**Work instructions:** Every line below from the one with "Apartamento en Podstrana - Apartamento" through the one with "Komatsu PC 240 LC-8 Chasís" should be retyped exactly, both ends included; no other lines and no pictures.

**Data shown:**
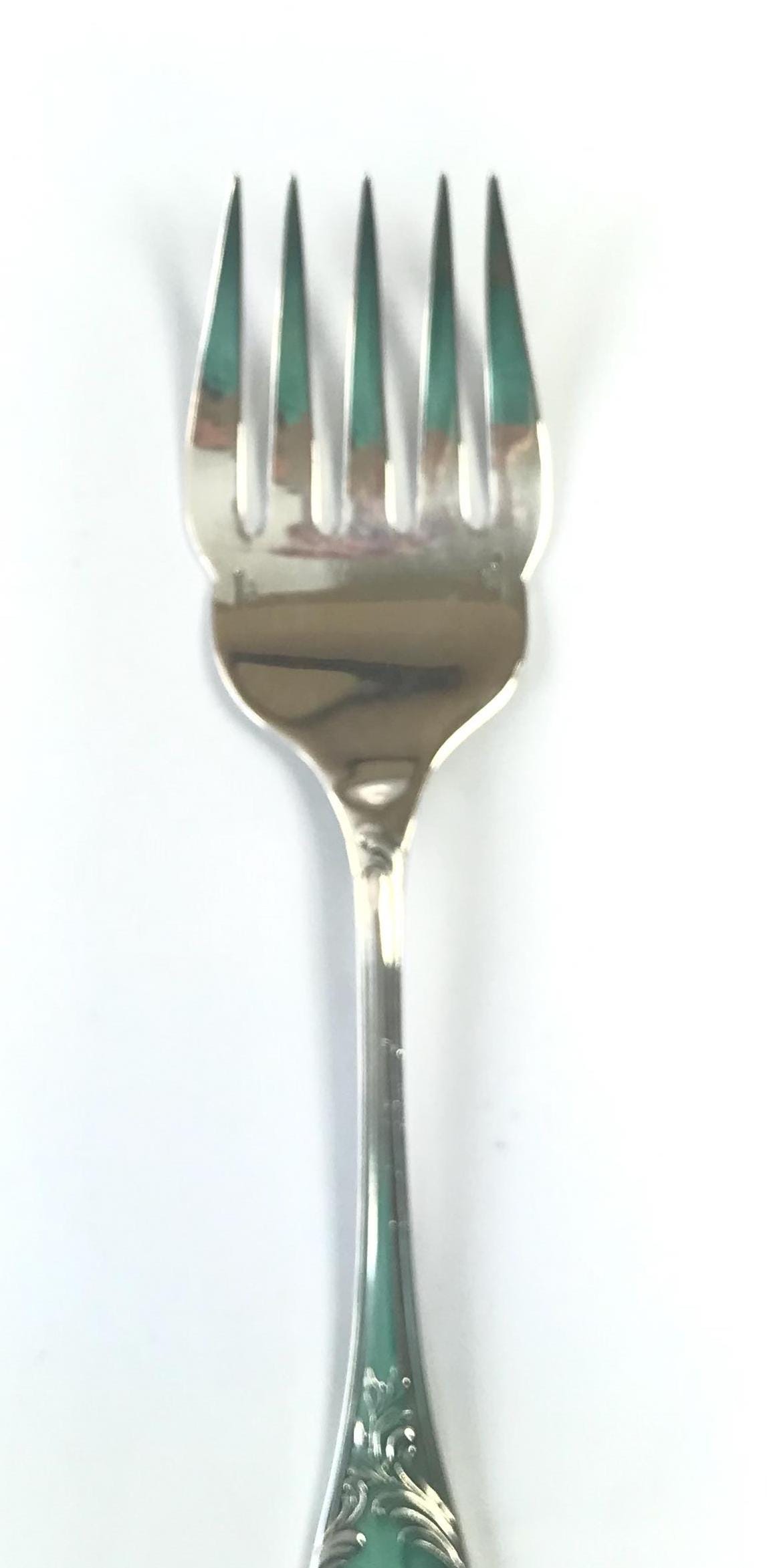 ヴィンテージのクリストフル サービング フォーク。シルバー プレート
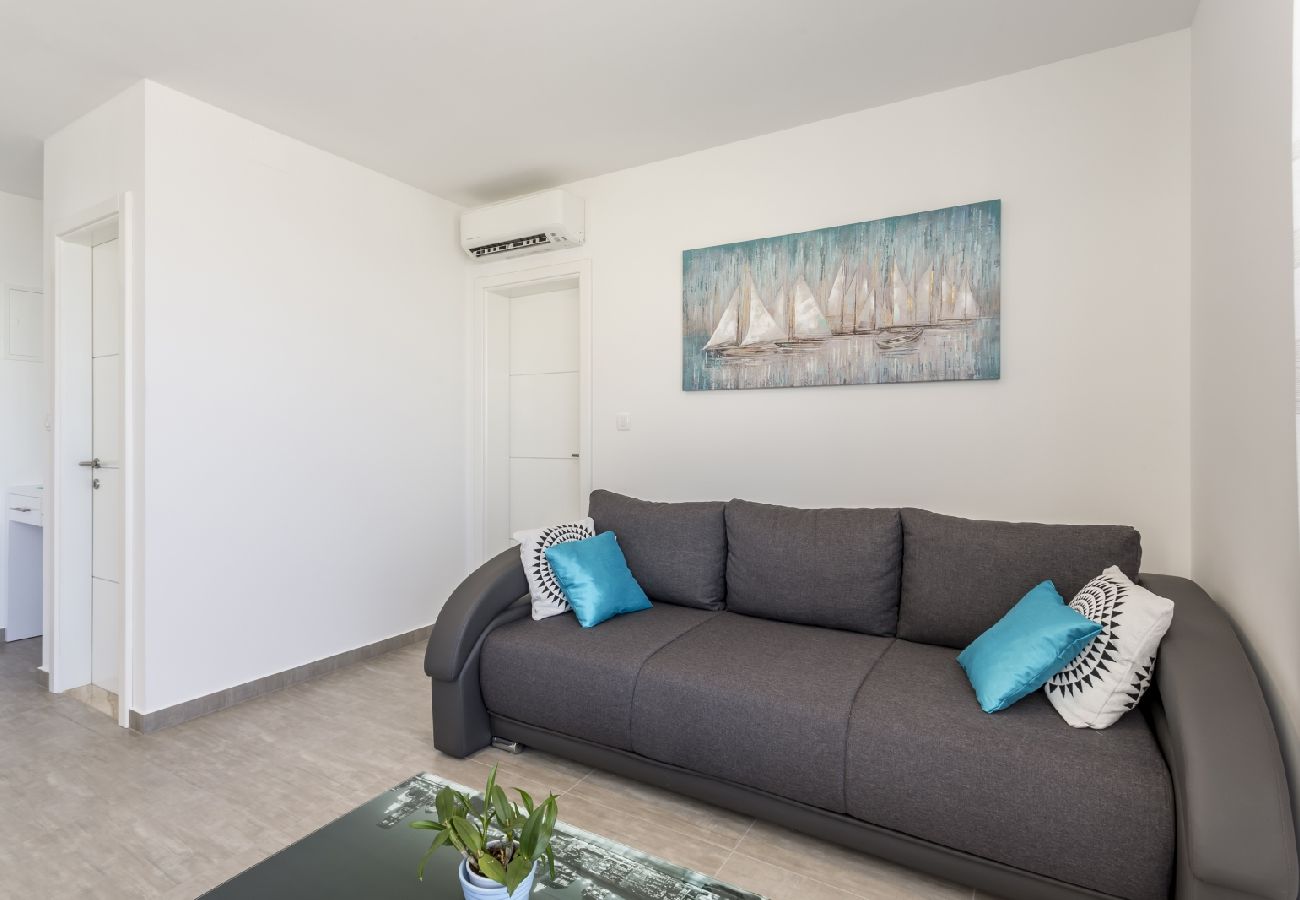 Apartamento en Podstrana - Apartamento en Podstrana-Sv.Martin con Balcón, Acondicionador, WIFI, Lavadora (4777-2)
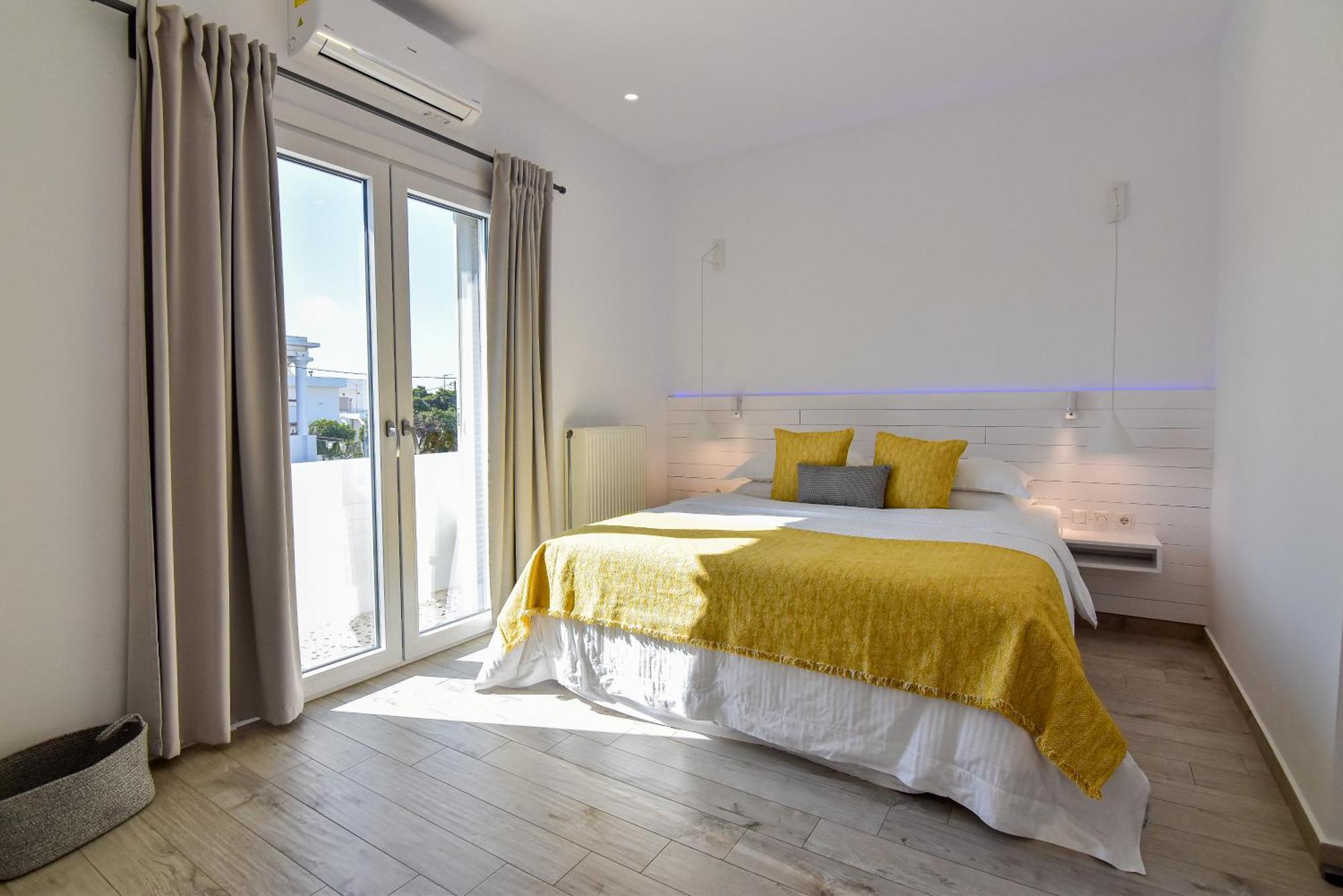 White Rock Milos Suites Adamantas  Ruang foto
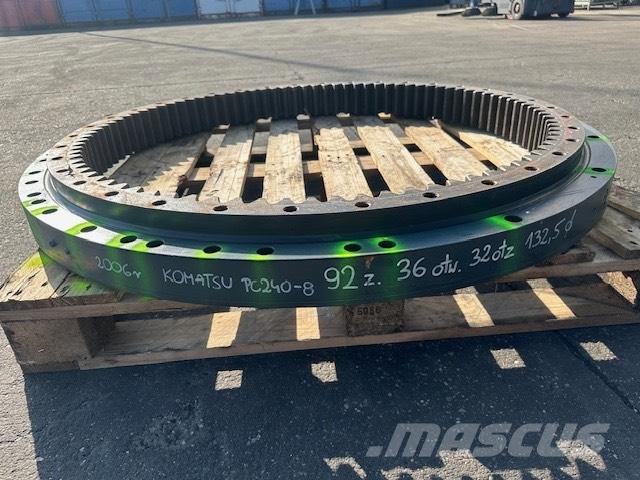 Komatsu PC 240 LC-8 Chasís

--

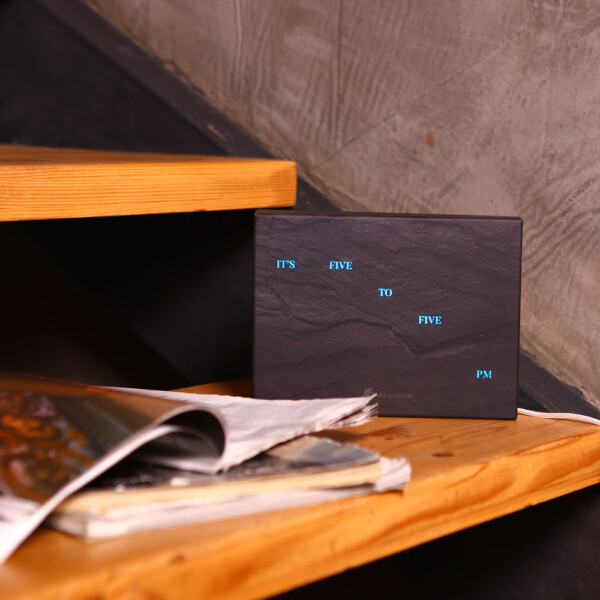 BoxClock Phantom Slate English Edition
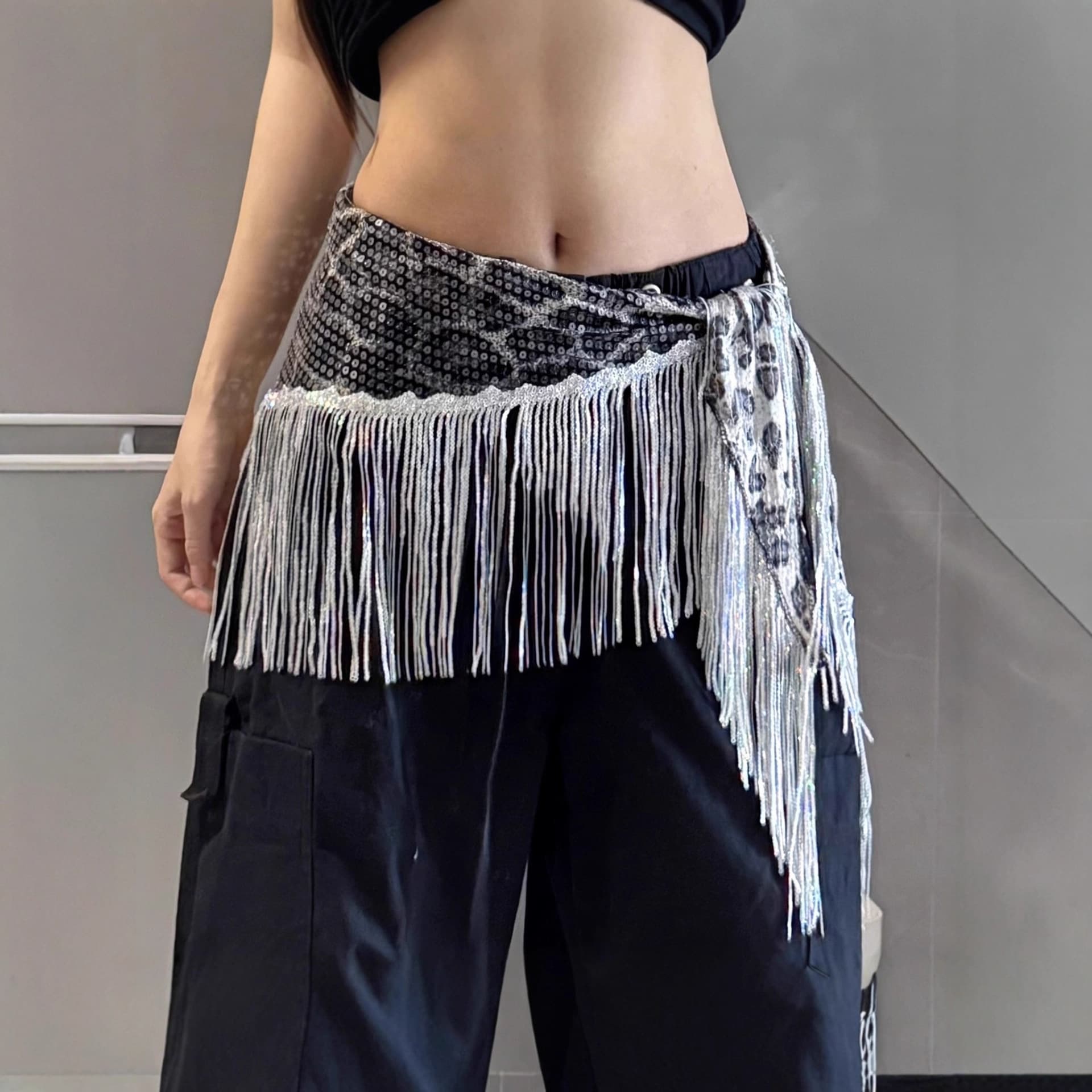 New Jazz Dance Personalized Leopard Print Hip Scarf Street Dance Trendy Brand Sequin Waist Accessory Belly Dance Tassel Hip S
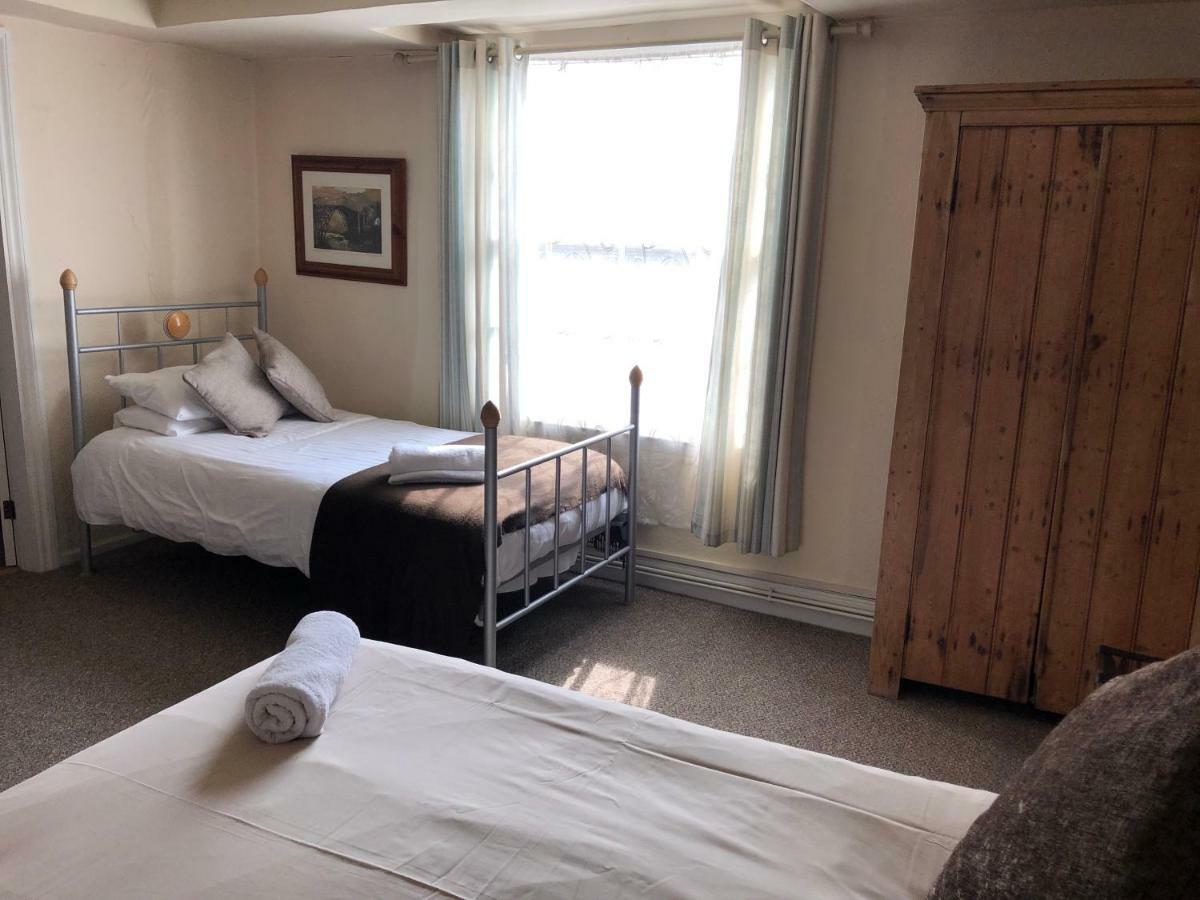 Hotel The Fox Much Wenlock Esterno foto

**Solved exercise:**
 Apartamento en Podstrana - Apartamento en Podstrana-Sv.Martin con Balcón, Acondicionador, WIFI, Lavadora (4777-2)
 White Rock Milos Suites Adamantas  Ruang foto
 Komatsu PC 240 LC-8 Chasís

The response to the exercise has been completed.